**What to produce**
Using the records below, transcribe word for word the stretch from the line that contains "2065 Phalarope Court, Costa Mesa, CA 92626" through the line that contains "2014 HYUNDAI ELANTRA SE photo 28", both end lines included, and nothing else.

**Extracted material**
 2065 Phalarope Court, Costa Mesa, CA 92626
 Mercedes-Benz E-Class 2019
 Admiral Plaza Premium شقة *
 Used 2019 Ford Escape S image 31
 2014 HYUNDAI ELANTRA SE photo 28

...

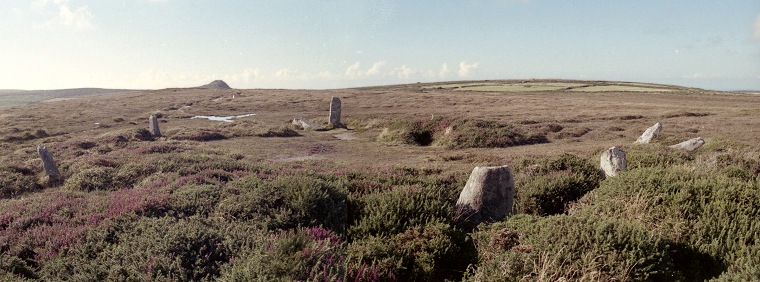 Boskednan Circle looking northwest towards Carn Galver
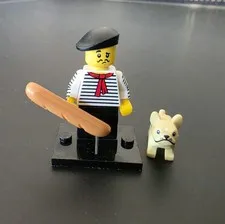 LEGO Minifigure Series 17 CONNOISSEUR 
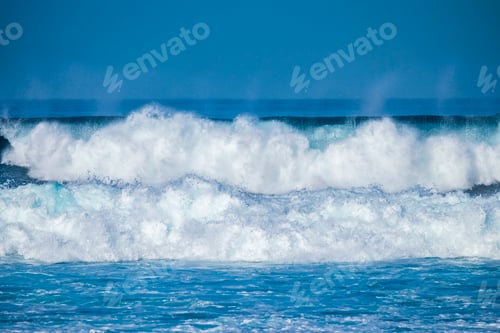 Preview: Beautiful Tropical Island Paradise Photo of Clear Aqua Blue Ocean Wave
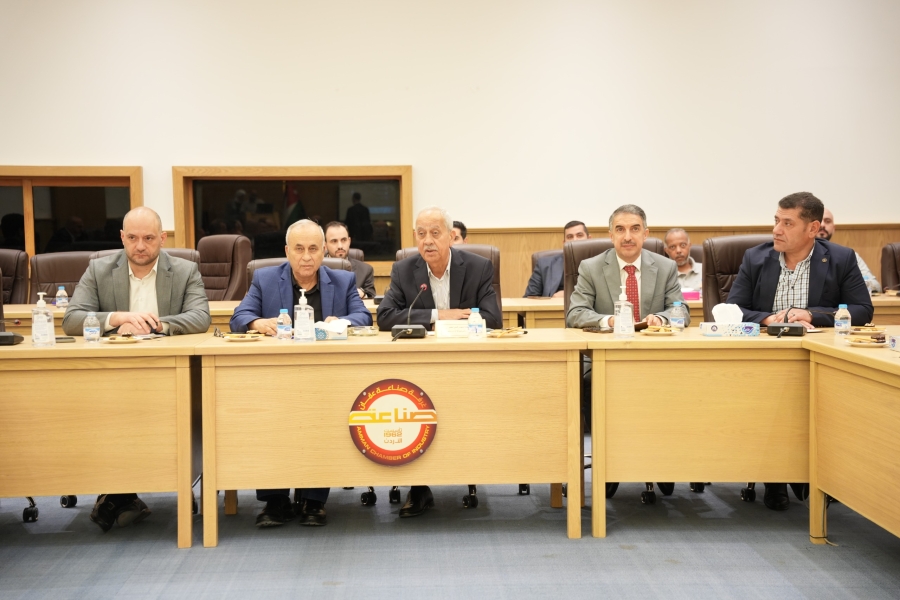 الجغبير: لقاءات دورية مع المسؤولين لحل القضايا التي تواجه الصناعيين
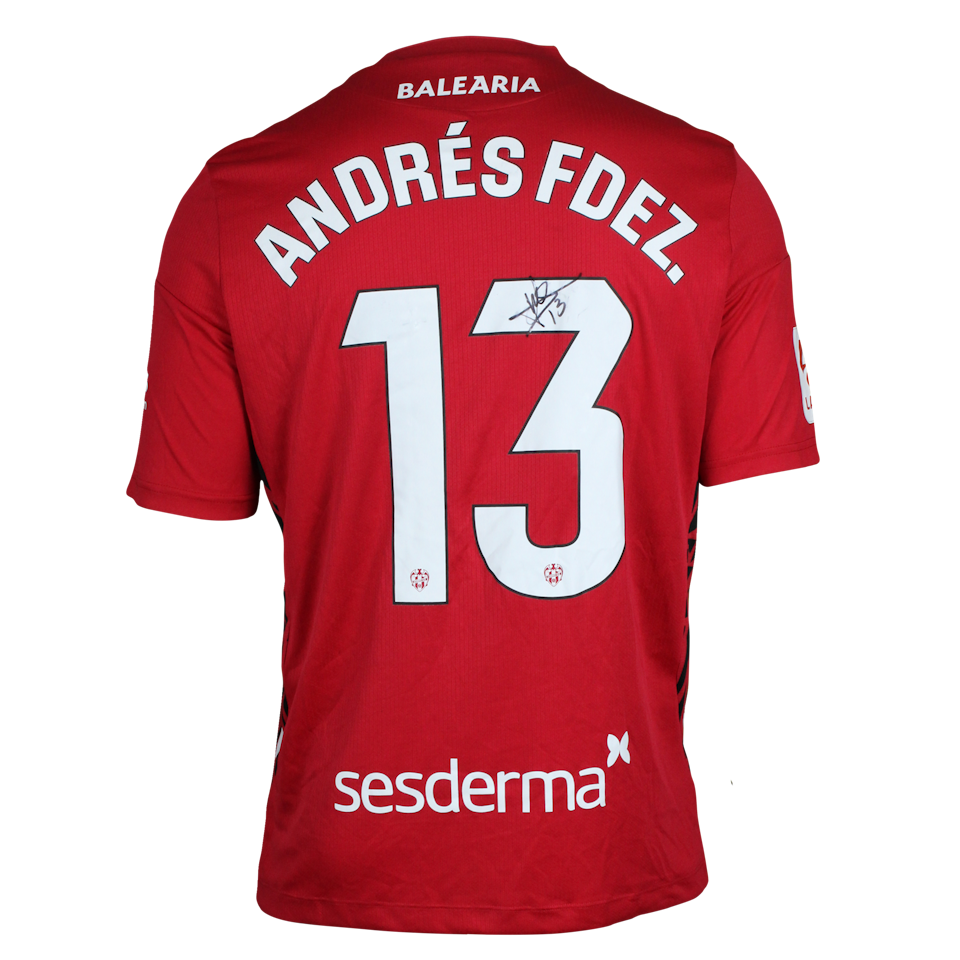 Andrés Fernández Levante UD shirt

**Answer section**
 2065 Phalarope Court, Costa Mesa, CA 92626
 Mercedes-Benz E-Class 2019
 Admiral Plaza Premium شقة *
 Used 2019 Ford Escape S image 31
 2014 HYUNDAI ELANTRA SE photo 28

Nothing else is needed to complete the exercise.